It was therefore not a great surprise when, a few days later after the 23 July terrorist attacks in Sharm-el-Sheikh, no less than the Egyptian Head of Police pronounced that these attacks too were the work of the Israelis. Reporters on the ground also learned that all Egyptians at Sharm were blaming the Israelis. It just so happens that much fewer Israelis venture down to Sharm these days compared with a few years ago. But there were about 1000 Israelis holidaying in the Sharm area at the time of the attacks. Most were in fact Israeli Arabs. Incredibly, to avoid being lynched, these Israelis had to hide in their hotel rooms and cover up the (Israeli) number plates on their cars.
It's also worth remembering that the song "I Hate Israel" by Haaban Abdel-Rehim topped the Egyptian charts for much of last year. Check out the words here (and here aome other Examples of Arab hate TV)
So, if you are thinking of taking a holiday in Egypt - do us all a favour and wait until the Egyptians stop poisoning their people with anti-Semitic rubbish.

Oh and by the way - if you are thinking about a holiday in Dubai...

..just make sure you remember that much of Al Quaida's funding comes from there as protection money. But this shouldn't come as a surprise to anybody who saw BBC's Question Time screened from Dubai during the Iraq war. The locals in the audience made very clear their support for Osama bin Laden ... and of course their view that Israel was to blame for all the world's problems.

Ken Livingstone idiotic comments about Iran

Among the many ridiculous outrages of Ken Livingstone recently this one went unnoticed. He claimed (Radio London, 28 July 2005) that there was no better example of the West's 'double standards against Muslims' than its attitude to Iran's nuclear weapons progamme. Ken feels that Muslim countries like Iran have as much right to nuclear weapons as Israel (of course that's his biggest beef) the USA and the UK. So let's spell out to Ken and his mates the reason why this is not such a good idea:

  1. The constitution of Iran states that its goal is the destruction of Israel. This goal is the unifying theme of all Iran's mullahs. Even the supposedly 'moderate' former leader Rafsanjani stated this his ultimate goal was the destruction of Israel.
  2. In the annual military parade in Iran the missiles are painted with the slogans "Death to Israel"
  3. Iran continues to be the financial and spiritual source of most Islamic terrorist groups (including Hezbollah and Hamas) and its agents are currently paying to recruit suicide bombers in the Palestinian territories.
  4. Iran is currently advertising for suicide bombers in its own country (and thousands are registering every day) to be exported to Iraq, Chechnya, and of course 'Palestine' to kill every non-muslim on 'muslim soil'.
  5. Although people like Ken might not even be aware of it, Iran has no border with Israel, and Israel has never had any dispute with Iran. But that does not stop Iran wanting to wipe Israel off the map. In addition to Iran there are several Arab countries (including Syria and Lebanon) who ARE still officially at war with Israel and who, if they ever got hold of nuclear weapons, would also try to wipe Israel off the fact of the map. In fact, let's face it, when Egypt's Mubarak is eventually gone (and that might not be too far away) Egypt would also come back into that category. That's not to mention the assortment of terrorist groups in Palestine and beyond who would kill every Jew in the world if only they had the means to do so.
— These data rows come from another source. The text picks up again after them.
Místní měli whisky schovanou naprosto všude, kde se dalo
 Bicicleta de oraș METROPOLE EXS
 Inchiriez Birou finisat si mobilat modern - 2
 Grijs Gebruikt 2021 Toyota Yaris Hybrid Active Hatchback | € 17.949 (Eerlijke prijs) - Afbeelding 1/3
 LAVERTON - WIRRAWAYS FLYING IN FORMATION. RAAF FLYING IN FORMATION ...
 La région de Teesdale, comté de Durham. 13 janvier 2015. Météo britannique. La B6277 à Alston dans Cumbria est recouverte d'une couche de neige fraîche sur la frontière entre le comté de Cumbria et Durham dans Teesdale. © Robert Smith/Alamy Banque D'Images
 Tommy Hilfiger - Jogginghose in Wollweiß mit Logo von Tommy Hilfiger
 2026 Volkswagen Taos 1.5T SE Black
So you see Ken, there isn't exactly a moral imbalance when it comes to trying to stop Iran get a nuclear bomb. Israel has a very good defensive reason to retain its nuclear deterrent. Israel would never use such a weapon offensively because it has no intention of wiping its neighbours off the face of the map. But Iran (and others) are very explicit about what they intend to do once they get a nuclear bomb. When they say that it is their sworn intention to wipe Israel off the state of the map you had better believe them.

Anti-Israel propaganda as mainstream entertainment

The extent to which the deligitimisation and dehumanisation of Israel has penetrated mainstream thought in the UK has been brought home to me by some recent examples:

  1. A programme, supposedly about football screened on BBC2 on 11 July 2005, was essentially a 40-minute recruitment ad for Hamas. Read my comments and correspondence with the BBC here
  2. A play currently on at the Tricycle Theatre Kilburn called "Arab Israeli Cookbook". The only fare on offer here is Palestinian propaganda. Read my review.
  3. A play about 'peace activist' Rachel Corrie currently showing to packed audiences. Read a review

BBC anti-Israel propaganda programme about Football

Initial Letter of complaint sent to BBC

BBC Two
Programme name: Frontline Football Palestine
Transmission date: 11 - 07 - 05

This programme was nothing other than a pure anti-Israel propaganda piece. The reporter, Ben Anderson, was guilty of a continuous stream of uninformed comments and questions. The programme presented as 'fact' a number of ridiculous, unsubstantiated claims from Palestinian individuals about incidents of violence and repossession. Even where the 'facts' were true the programme made no attempt to explain the context. For example, it made a big issue of the fact that one of the few sports training camps in Gaza had been destroyed by the Israelis. What it failed to mention was the fact that at the time it was being used to launch missiles into Israel and to train Hamas terrorists; on Hamas's own admission, a number of its 'armed fighters' were killed in the attack.
At no time in the programme did Ben Anderson mention the context for any Israeli actions (such as extended border security checks), namely that the filming took place during a period of unprecedented terrorist attacks against Israelis. The bias in the programme is best summed up by Ben Anderson's own comment while he was witnessing a furious argument between the Palestinian FA president and one of the Palestinian players. The argument was about a ban being imposed because the players had left their training camp in Qatar to celebrate the end of Ramadan. Anderson's comment was: "The Israelis have created such an atmosphere of hate that it has forced the Palestinians to even argue among themselves". Finally, since one of the major 'arguments' in the programme was that the Palestinian team was severely disadvantaged because it could not play its matches 'at home', it is beyond belief that the programme failed to mention that Israel suffered exactly the same fate during the period 2000-2004 when FIFA forced Israel to play all its home matches in Cyprus because of the continued threat of terrorism.

BBC Response

Dear Mr Edgar

Thank you for your e-mail regarding 'Frontline Football'. I understand that you felt the programme broadcast on 11 July 2005 was biased and anti-Israeli.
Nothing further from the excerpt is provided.